The United Nations' Sustainable Development Goal (SDG) 14 underscores the importance of conserving and sustainably using the world's oceans, seas, and marine resources. One of the major threats to this objective is nitrate pollution, which primarily originates from human activities such as agricultural runoff, sewage discharge, and industrial pollution.

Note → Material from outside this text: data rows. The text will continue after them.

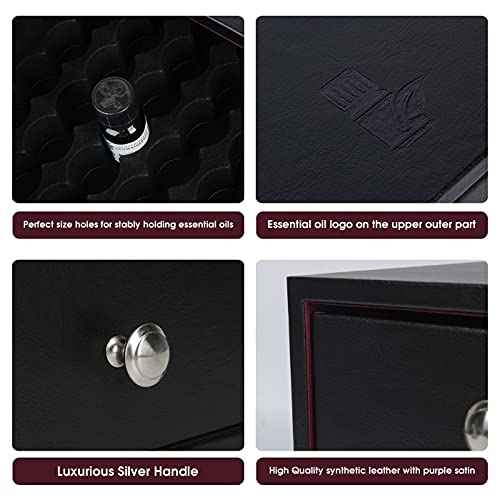 J JACKCUBE DESIGN Essential Oil Organizer Storage Box Case, Holds 96 Bottles 5-15ml Essential Oils, Roller Bottles- Leather Drawer Oil Holder Display- MK525A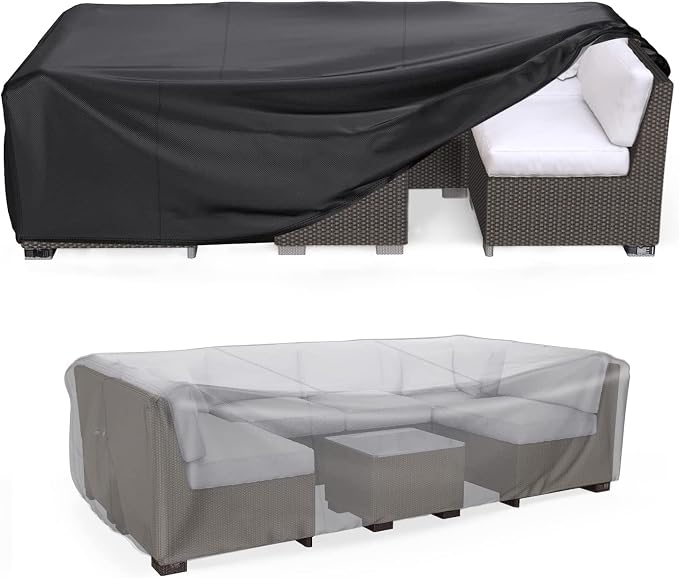 Patio Furniture Set Cover Waterproof, Mrrihand Outdoor Sectional Sofa Set Cover Heavy Duty 600D Table and Chair Set Cover 98" L× 78" W× 30" H by Mrrihand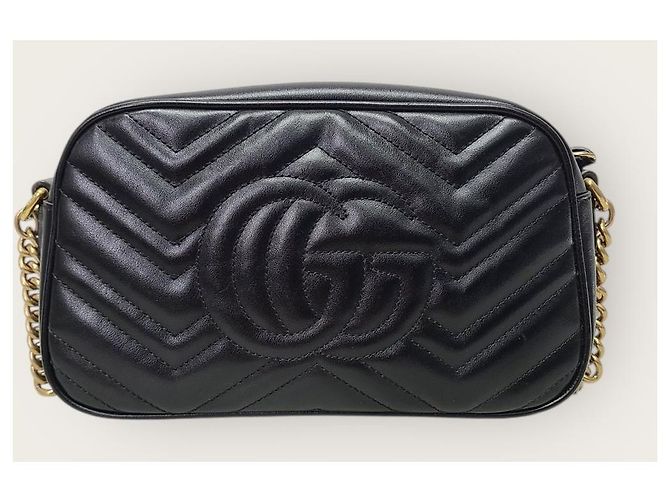 Gucci Piccola borsa camera matelassé GG Marmont nera Nero - vista 6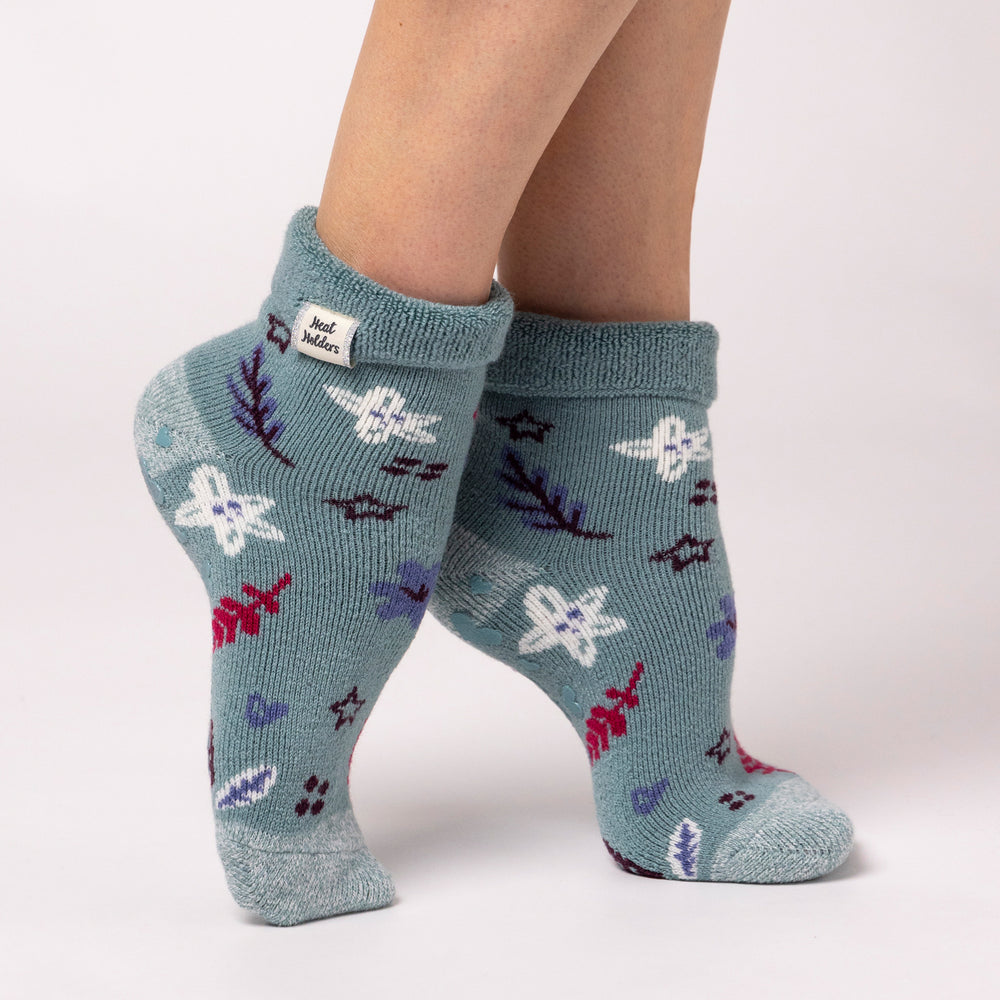 Ladies Lite Lounge Socks with Turnover Top - Winter Bloom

Nitrate pollution accelerates eutrophication, a process where water becomes excessively rich in nutrients like nitrogen and phosphorus. High concentration of such nutrients leads to rapid algal blooms. Algal blooms resulting from eutrophication can lead to large-scale fish kills. In China's third-largest freshwater lake, Lake Taihu, harmful algal blooms have repeatedly caused massive fish kills and impacted the drinking water source for millions of people. As algae die and decay, they consume vast amounts of oxygen, often creating "dead zones." These zones are a direct result of eutrophication and cover more than 245,000 square kilometers, which is roughly the size of the United Kingdom. In these zones, oxygen levels are too low to support most marine life, resulting in a widespread decline in the population of fish and other aquatic species. As of data leading up to 2021, there were over 500 hypoxic (low oxygen) zones around the world. For example, the massive dead zone in the Gulf of Mexico stems from eutrophication due to runoff with excessive nutrients from the Mississippi River watershed. This dead zone in Mexico affects the fishing industry by reducing the number of fish and shrimp in the Gulf, also impacting the livelihoods of those dependent on the seafood industry. In addition, the lack of oxygen disrupts the food chain. It can lead to reduced populations of species and reduced biodiversity in the affected areas.
Beyond creating dead zones, nitrate pollution threatens biodiversity by damaging vital ecosystems like coral reefs. Eutrophication exacerbates the bleaching of coral reefs by enhancing the susceptibility of corals to temperature-induced bleaching. Worldwide, about 20% of coral reefs have been destroyed, and another 20% degraded, with pollution, including nutrient pollution, being a contributing factor. Thus, mitigating nitrate pollution becomes significant for achieving several targets set by SDG 14. Solutions range from improving agricultural practices to better wastewater treatment, emphasizing the need for global collaboration to protect our marine environments. The solution that team Seoul-Korea came up with is creating an Arduino-base biosensor, Monitro, to easily detect the presence of nitrogen and phosphates. By applying Monitro in real-life situations, team Seoul-Korea hopes to be a step closer to helping solve the endless eutrophication problem and save our lives below water.
In conclusion, team Seoul-Korea, a group of high schoolers from around the world has come together with professionals to make an impact in our world and help create a solution to the global problem, of eutrophication.
- Mississippi River Delta. mississippiriverdelta.org/learning/explaining-the-gulf-of-mexico-dead-zone/. Accessed 30 Sept. 2023.
- United Nations. sdgs.un.org/goals/goal6. Accessed 30 Sept. 2023.
- 환경운동연합. kfem.or.kr/?p=230356. Accessed 30 Sept. 2023.